Joe looked around quickly. All of the faces were turned to Herman Klein. Joe recognized more of the attendees than he had thought he would. Several of Klein’s fellow ranchers were scattered throughout. Outfitters who used the forest for hunting and packing trips were there in full force. Local hunters made up the rest of the crowd. In a hunting community like Saddlestring, that meant doctors, lawyers, retailers, and teachers. Spud Cargill and Rope Latham, the roofers, wore their company jackets with the logo of a winged T-Lock shingle on the backs. Joe remembered them from the First Alpine Church. But as far as he could tell, there were no Sovereigns in the room. He had wondered if any of them would attend.

Melinda Strickland was falling into a trap that was being baited by Herman Klein. It was the “I’m just a poor dumb country boy” ruse that locals loved to spring on outsiders and especially government officials. Joe recognized the trap from experience.

“My understanding is that just about half of all the land in the state of Wyoming is owned and managed by the federal government,” Klein said, “Whether it’s the Forest Service, or the BLM, or the Park Service, or whatever. In any case, half of our state is run by federal bureaucrats. Not that I have anything against federal bureaucrats, of course.”

The crowd tittered and even Joe smiled.

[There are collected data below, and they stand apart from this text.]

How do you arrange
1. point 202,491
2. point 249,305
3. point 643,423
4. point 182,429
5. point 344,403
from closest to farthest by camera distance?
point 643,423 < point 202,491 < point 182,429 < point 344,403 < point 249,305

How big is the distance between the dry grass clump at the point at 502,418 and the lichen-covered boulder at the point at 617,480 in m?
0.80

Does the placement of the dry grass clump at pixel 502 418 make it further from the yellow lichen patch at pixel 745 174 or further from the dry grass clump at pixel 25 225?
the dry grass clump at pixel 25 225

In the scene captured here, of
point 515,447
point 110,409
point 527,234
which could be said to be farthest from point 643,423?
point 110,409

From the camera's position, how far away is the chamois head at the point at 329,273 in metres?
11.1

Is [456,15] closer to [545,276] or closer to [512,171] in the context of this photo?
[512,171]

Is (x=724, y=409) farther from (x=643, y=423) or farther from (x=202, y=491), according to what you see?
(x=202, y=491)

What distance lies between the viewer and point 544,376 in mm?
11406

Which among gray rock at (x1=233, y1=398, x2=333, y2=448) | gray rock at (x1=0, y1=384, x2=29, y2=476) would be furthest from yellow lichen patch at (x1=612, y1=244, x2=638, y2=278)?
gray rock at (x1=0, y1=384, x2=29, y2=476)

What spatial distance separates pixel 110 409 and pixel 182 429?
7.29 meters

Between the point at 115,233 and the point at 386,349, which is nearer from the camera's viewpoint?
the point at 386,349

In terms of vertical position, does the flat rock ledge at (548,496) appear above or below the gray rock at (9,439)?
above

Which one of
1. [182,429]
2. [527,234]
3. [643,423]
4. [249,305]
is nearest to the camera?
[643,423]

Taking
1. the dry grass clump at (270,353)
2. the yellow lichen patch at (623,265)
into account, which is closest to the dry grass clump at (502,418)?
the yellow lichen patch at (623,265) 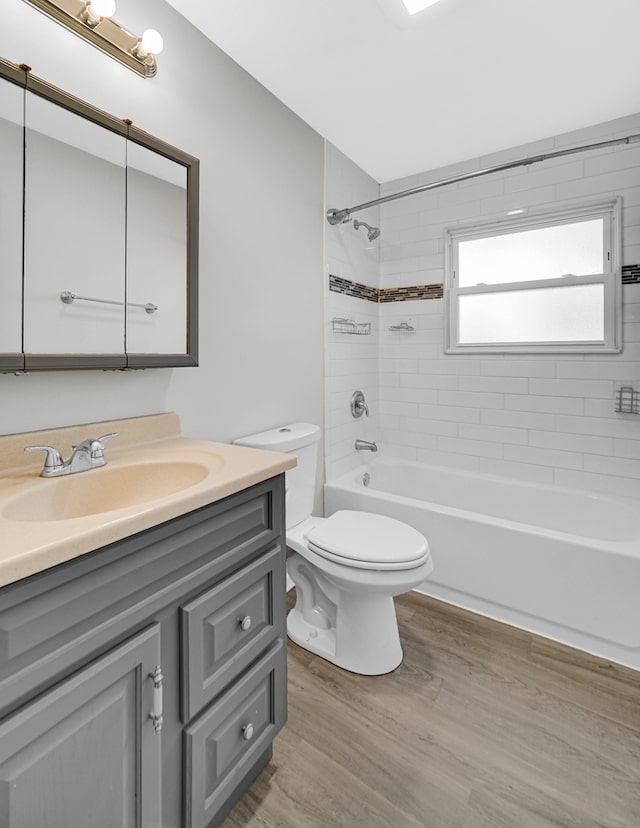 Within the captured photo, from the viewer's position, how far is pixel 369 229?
108 inches

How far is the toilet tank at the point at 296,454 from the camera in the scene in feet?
5.91

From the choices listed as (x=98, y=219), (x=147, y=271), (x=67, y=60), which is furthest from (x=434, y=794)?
(x=67, y=60)

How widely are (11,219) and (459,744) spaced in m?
2.02

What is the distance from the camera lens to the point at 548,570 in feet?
6.09

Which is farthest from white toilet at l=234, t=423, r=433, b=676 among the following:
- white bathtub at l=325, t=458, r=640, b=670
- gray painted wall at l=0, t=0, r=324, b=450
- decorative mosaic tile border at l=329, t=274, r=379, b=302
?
decorative mosaic tile border at l=329, t=274, r=379, b=302

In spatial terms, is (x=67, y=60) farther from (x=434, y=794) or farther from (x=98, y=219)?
(x=434, y=794)

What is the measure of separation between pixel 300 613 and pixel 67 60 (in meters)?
2.16

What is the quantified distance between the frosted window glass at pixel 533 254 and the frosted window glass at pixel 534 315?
96 millimetres

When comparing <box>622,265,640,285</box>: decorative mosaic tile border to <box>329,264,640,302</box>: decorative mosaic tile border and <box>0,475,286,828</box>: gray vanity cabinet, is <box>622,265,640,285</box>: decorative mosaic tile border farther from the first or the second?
<box>0,475,286,828</box>: gray vanity cabinet

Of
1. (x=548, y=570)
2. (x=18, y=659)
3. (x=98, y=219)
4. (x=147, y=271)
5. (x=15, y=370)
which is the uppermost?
(x=98, y=219)

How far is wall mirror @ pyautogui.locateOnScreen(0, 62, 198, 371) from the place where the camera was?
3.59 feet

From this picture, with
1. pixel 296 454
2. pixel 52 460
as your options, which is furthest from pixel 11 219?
pixel 296 454

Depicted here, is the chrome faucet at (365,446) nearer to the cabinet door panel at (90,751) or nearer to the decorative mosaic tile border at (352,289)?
the decorative mosaic tile border at (352,289)

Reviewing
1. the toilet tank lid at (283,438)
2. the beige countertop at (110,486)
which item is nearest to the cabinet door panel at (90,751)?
the beige countertop at (110,486) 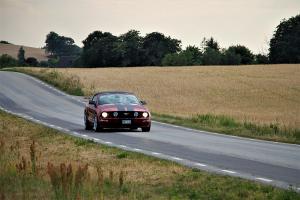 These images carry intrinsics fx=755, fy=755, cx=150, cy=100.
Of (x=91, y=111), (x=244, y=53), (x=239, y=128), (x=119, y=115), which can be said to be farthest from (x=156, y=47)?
(x=119, y=115)

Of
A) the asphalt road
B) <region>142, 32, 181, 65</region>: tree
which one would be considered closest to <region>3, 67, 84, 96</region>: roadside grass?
the asphalt road

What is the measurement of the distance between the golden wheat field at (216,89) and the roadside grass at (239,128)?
19.0ft

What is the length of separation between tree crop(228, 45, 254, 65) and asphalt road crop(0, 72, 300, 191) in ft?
344

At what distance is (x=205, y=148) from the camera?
68.5ft

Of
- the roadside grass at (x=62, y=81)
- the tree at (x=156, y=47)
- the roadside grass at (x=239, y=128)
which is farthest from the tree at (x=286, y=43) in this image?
the roadside grass at (x=239, y=128)

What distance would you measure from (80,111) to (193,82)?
109 feet

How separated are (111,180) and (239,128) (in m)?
20.1

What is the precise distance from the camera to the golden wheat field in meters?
47.8

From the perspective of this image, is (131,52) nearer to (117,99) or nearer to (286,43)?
(286,43)

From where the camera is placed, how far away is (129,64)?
137m

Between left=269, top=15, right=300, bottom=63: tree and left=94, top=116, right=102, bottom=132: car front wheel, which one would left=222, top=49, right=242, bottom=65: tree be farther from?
left=94, top=116, right=102, bottom=132: car front wheel

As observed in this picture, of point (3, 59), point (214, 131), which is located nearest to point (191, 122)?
point (214, 131)

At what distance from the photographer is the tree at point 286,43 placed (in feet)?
423

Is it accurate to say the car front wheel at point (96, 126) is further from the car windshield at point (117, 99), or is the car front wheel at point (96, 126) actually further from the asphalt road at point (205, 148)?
the car windshield at point (117, 99) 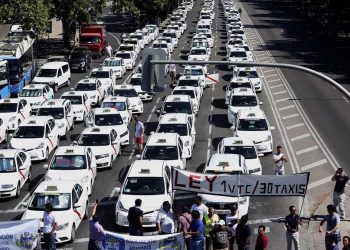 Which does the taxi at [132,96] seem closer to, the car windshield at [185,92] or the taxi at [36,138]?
the car windshield at [185,92]

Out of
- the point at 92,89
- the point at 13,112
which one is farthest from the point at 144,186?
the point at 92,89

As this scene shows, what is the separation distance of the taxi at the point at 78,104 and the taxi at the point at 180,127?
7.40 meters

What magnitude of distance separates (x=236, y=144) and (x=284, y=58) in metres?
40.3

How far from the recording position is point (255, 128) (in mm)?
34656

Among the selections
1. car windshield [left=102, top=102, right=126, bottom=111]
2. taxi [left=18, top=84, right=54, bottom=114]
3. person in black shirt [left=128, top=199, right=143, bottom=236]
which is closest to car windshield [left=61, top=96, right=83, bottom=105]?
taxi [left=18, top=84, right=54, bottom=114]

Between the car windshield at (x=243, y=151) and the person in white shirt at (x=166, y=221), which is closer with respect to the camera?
the person in white shirt at (x=166, y=221)

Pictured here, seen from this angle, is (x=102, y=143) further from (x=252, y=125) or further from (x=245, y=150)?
(x=252, y=125)

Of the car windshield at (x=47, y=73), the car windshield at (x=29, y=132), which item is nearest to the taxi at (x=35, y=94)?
the car windshield at (x=47, y=73)

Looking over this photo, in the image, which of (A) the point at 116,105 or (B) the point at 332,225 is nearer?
(B) the point at 332,225

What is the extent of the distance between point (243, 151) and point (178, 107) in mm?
9091

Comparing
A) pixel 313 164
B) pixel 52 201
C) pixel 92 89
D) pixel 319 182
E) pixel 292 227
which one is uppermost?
pixel 292 227

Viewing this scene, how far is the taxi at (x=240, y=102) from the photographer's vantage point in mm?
39656

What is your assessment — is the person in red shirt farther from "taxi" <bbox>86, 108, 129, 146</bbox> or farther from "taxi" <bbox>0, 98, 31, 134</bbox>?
"taxi" <bbox>0, 98, 31, 134</bbox>

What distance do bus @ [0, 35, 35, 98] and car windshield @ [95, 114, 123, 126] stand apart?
41.1 feet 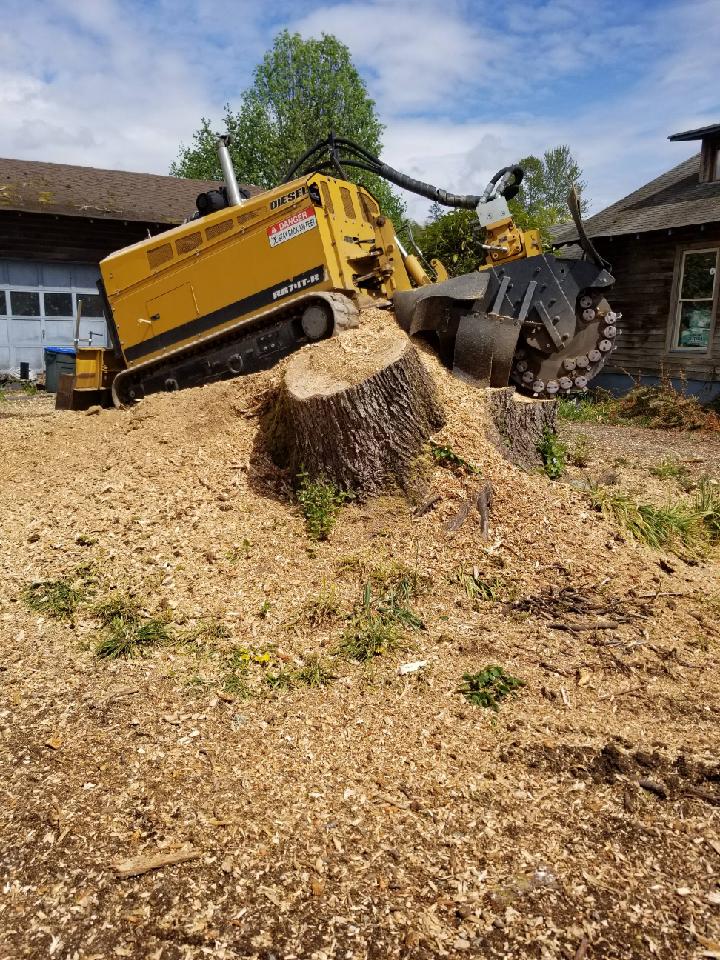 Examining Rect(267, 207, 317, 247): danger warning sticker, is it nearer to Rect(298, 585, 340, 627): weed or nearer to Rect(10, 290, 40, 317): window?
Rect(298, 585, 340, 627): weed

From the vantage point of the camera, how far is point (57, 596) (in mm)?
4742

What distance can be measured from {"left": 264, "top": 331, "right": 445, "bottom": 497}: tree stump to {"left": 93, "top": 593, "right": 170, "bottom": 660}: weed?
158 centimetres

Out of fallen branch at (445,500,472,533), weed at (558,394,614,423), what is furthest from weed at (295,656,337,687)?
weed at (558,394,614,423)

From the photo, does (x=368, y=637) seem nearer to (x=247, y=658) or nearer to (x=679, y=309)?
(x=247, y=658)

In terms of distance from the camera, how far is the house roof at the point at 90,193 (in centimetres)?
1570

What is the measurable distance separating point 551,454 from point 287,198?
155 inches

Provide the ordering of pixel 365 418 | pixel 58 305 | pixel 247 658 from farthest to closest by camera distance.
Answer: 1. pixel 58 305
2. pixel 365 418
3. pixel 247 658

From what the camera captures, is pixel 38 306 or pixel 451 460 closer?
pixel 451 460

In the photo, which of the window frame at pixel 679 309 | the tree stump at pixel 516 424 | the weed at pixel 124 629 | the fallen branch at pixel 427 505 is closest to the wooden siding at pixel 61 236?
the window frame at pixel 679 309

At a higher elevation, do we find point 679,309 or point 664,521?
point 679,309

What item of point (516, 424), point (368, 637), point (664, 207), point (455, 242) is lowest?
point (368, 637)

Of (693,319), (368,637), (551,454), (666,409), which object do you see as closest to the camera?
(368,637)

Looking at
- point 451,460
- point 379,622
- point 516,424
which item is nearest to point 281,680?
point 379,622

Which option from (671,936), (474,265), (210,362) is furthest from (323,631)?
(474,265) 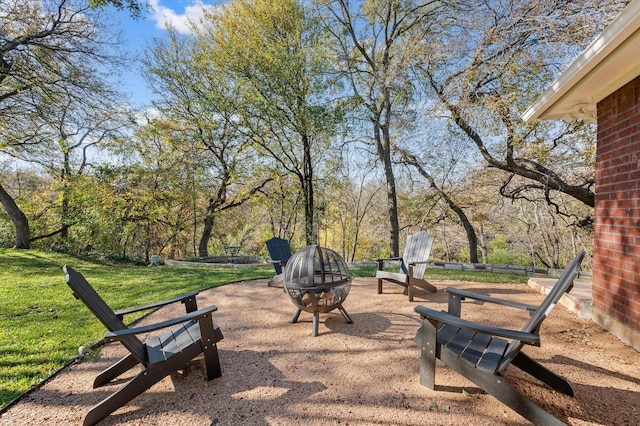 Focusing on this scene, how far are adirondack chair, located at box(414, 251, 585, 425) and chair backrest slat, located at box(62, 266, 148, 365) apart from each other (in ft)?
6.09

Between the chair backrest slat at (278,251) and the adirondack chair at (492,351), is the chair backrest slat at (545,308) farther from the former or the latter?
the chair backrest slat at (278,251)

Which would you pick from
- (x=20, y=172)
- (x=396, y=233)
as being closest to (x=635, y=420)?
(x=396, y=233)

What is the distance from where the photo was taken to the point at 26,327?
3.14 m

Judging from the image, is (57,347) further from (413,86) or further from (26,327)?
(413,86)

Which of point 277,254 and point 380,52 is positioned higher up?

Melinda Strickland stood with her hands on her hips and her eyes cold. One of her employees started to sit down beside her and she shot him a withering look. He stood back up.

“The problem I got with this,” Klein continued, “is that there is no accountability. If all this land was run by the state, or even local politicians, we could vote them out if we wanted to. If it was run by a corporation we could buy stock and go to board meetings and raise hell. But because it’s run by bureaucrats who nobody elected-all we can do is come to meetings like this to hear what you’re going to do to our forests and our countryside.” There were murmurs of assent.

“Excuse me,” Melinda Strickland interrupted. “Excuse me. Our agency manages the resources on behalf of the public. We’re not dictators here, ya know.” She looked to the back of the room for approval. The two men standing next to Robey Hersig nodded to her.

“That may be,” Herman Klein agreed, smiling. “But by saying you’re managing things on behalf of the public you’re basically saying that those of us here in this room who live here aren’t the public, because you sure as hell never asked us anything.”

“That’s the purpose of this meeting!” Melinda Strickland countered, exasperated.

“If that’s the case,” Klein asked, “why did you try to shut me up just a minute ago when I stood up?”

“Because there needs to be order,” Strickland said, her face flushed. “We can’t do things based on mob rule.”

Herman Klein feigned surprise. He slowly looked around the room. “This doesn’t look like a mob to me,” he said. “This looks like a group of concerned local citizens who came out on a cold-ass night to participate in a public meeting.”

“Nailed her,” Hersig whispered. “He nailed her.”

Joe nodded.

“This,” Melinda Strickland said, her voice rising and her finger pointed at Herman Klein, “This is an example of the problem. I’ve had a district supervisor murdered and a hardworking BLM employee assaulted because of this kind of hateful attitude.”

“Me?” Klein asked, genuinely hurt. “What in the hell did I do?”

“You didn’t do anything, as far as I know,” she said. “But this kind of antigovernment attitude allows things like that to happen! It practically guarantees that things like that will happen!”